** PROVIDED RECORDS **
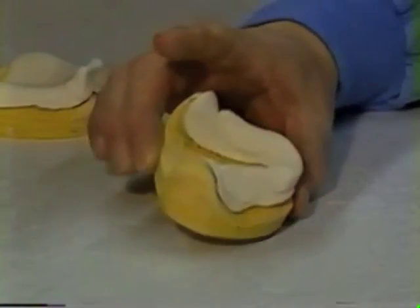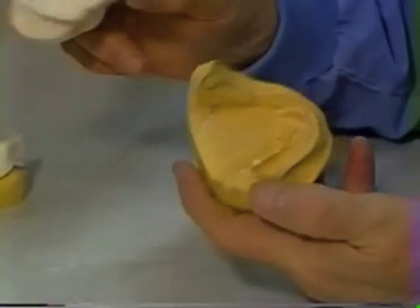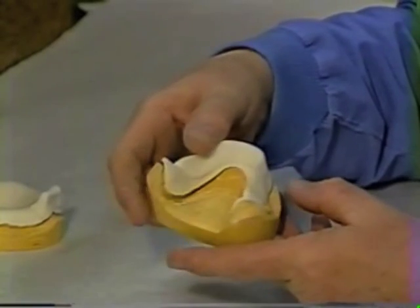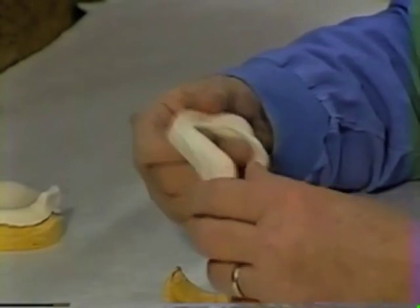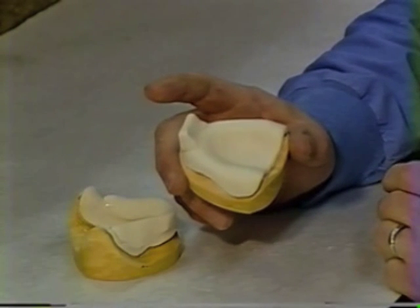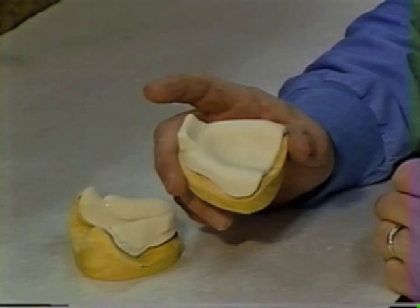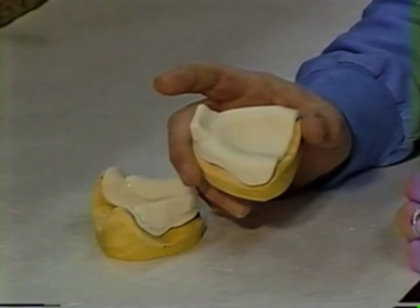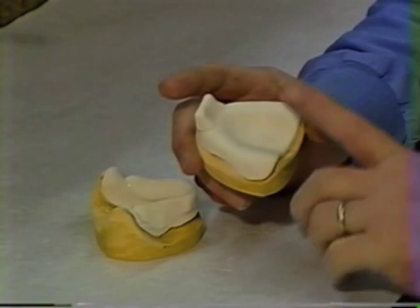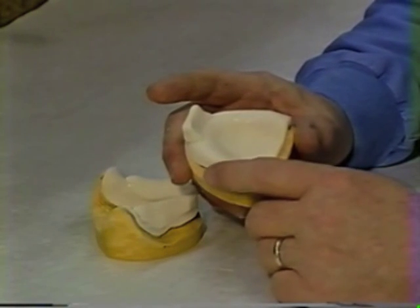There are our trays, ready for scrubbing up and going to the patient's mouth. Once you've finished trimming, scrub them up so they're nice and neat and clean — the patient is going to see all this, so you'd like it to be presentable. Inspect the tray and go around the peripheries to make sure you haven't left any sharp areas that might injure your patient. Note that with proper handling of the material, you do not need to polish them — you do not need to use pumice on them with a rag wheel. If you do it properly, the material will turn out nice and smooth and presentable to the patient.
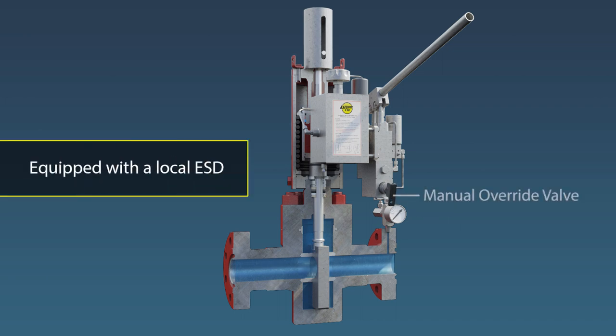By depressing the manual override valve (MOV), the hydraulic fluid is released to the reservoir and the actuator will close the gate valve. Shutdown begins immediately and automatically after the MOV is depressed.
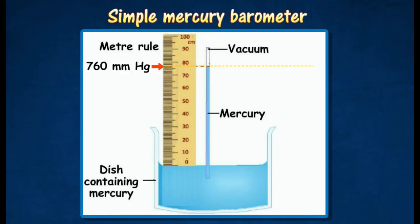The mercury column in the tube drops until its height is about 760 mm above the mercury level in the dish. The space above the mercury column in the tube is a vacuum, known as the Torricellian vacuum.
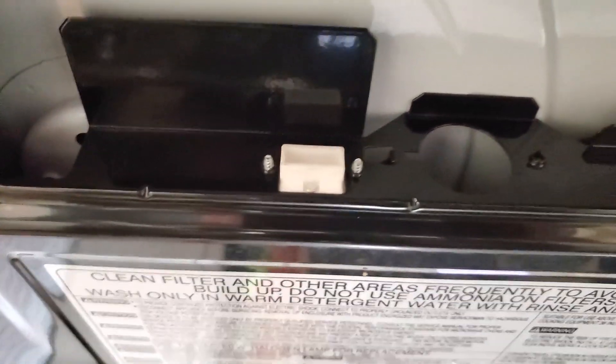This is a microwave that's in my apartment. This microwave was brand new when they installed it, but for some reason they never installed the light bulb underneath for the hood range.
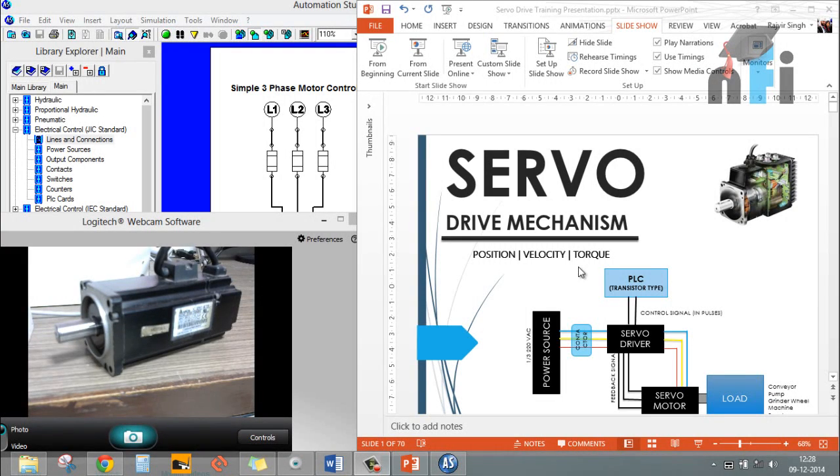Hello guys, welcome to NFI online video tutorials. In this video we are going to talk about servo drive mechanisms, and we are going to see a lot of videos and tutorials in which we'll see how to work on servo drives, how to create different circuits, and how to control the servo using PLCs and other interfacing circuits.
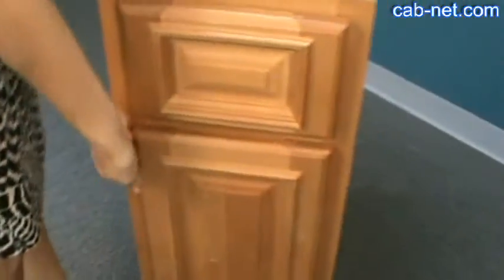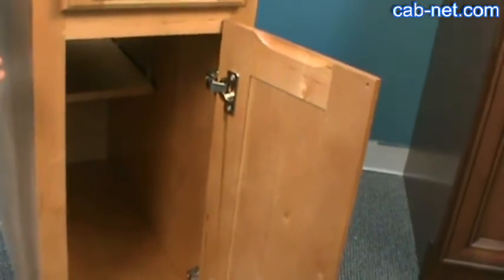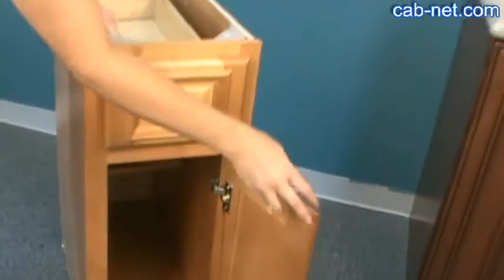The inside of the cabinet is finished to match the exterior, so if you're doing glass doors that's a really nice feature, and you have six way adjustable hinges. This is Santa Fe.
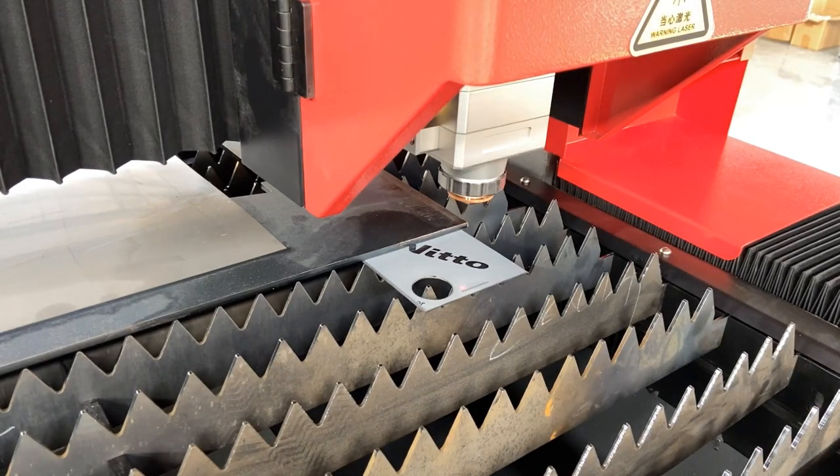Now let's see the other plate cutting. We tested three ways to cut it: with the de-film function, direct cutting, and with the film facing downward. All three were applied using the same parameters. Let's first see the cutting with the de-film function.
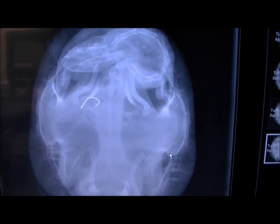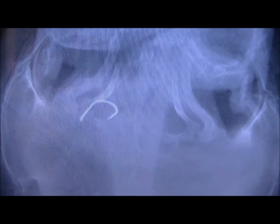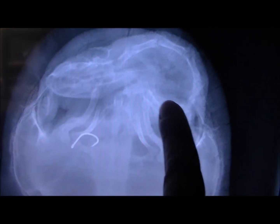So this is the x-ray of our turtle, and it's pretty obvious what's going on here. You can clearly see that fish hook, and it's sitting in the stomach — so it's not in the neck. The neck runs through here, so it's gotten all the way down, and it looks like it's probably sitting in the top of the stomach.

...

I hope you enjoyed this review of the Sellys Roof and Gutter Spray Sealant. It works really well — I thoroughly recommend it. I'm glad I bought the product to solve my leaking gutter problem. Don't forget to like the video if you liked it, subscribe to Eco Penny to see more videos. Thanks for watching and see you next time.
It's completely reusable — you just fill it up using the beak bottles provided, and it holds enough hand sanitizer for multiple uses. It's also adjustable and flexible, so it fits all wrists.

** TASK **
Copy out the lines above exactly, beginning at the one that contains "I hope you enjoyed" and ending at the one that contains "It's completely reusable".

** RESULT OF THIS EXERCISE **
I hope you enjoyed this review of the Sellys Roof and Gutter Spray Sealant. It works really well — I thoroughly recommend it. I'm glad I bought the product to solve my leaking gutter problem. Don't forget to like the video if you liked it, subscribe to Eco Penny to see more videos. Thanks for watching and see you next time.
It's completely reusable — you just fill it up using the beak bottles provided, and it holds enough hand sanitizer for multiple uses. It's also adjustable and flexible, so it fits all wrists.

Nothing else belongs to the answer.